Data provided section start

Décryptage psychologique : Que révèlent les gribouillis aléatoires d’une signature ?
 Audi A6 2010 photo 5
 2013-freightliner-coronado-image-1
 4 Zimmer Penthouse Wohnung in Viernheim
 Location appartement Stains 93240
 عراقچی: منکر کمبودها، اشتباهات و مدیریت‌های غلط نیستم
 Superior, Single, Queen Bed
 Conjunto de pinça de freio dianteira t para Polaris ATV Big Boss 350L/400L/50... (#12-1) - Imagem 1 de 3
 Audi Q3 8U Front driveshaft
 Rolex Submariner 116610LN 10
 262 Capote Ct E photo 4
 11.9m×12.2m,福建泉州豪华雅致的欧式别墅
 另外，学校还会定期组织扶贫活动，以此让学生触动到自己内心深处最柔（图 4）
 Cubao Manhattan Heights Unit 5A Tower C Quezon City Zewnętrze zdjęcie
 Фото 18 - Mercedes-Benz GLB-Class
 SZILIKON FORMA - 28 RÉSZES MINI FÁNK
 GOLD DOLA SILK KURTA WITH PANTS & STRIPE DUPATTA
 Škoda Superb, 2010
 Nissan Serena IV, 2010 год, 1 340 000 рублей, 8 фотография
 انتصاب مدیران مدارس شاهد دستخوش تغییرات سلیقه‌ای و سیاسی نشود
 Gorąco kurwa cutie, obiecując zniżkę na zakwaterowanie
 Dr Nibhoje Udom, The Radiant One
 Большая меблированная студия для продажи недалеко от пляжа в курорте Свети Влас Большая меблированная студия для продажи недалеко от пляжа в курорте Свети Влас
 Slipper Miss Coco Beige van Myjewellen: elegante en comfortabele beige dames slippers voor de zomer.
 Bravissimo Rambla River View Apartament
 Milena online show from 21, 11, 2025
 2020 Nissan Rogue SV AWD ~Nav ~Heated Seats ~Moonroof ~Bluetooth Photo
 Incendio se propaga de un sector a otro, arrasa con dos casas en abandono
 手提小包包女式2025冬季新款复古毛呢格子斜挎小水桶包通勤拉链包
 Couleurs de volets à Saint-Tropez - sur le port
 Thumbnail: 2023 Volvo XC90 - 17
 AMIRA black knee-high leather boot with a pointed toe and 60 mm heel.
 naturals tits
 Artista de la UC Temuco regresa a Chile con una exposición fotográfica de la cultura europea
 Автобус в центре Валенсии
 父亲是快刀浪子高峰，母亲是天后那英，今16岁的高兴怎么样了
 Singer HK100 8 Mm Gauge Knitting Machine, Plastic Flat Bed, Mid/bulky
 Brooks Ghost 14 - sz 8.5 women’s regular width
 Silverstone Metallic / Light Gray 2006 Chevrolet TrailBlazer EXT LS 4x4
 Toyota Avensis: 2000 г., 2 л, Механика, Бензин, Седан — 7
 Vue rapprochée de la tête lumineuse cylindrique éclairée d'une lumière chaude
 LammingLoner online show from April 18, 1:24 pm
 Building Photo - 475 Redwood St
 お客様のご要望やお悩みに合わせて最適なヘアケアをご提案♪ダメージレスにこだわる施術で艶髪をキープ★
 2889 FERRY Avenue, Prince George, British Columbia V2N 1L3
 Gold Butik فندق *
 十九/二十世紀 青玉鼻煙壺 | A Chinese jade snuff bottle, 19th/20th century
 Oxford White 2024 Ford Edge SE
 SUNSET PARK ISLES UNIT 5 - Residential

Data provided section end

▶ **Aim of the exercise**:
The answer should be all lines from the entries above that hold the word "Nissan".

▶ **Response area**:
 Nissan Serena IV, 2010 год, 1 340 000 рублей, 8 фотография
 2020 Nissan Rogue SV AWD ~Nav ~Heated Seats ~Moonroof ~Bluetooth Photo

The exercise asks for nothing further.